Repeat the records below exactly, beginning at the first line and finishing with the line that contains "Sold• Olive Waffle Tank - Picture 2 of 4".

Data entries:
>>>
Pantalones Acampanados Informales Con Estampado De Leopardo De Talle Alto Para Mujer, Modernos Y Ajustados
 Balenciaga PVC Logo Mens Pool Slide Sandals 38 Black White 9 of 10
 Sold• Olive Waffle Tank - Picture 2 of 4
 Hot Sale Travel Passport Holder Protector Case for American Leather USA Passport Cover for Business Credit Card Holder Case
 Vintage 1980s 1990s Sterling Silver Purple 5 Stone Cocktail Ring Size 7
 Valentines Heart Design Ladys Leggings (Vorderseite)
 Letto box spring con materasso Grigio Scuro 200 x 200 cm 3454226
<<<
Worked solution:
Pantalones Acampanados Informales Con Estampado De Leopardo De Talle Alto Para Mujer, Modernos Y Ajustados
 Balenciaga PVC Logo Mens Pool Slide Sandals 38 Black White 9 of 10
 Sold• Olive Waffle Tank - Picture 2 of 4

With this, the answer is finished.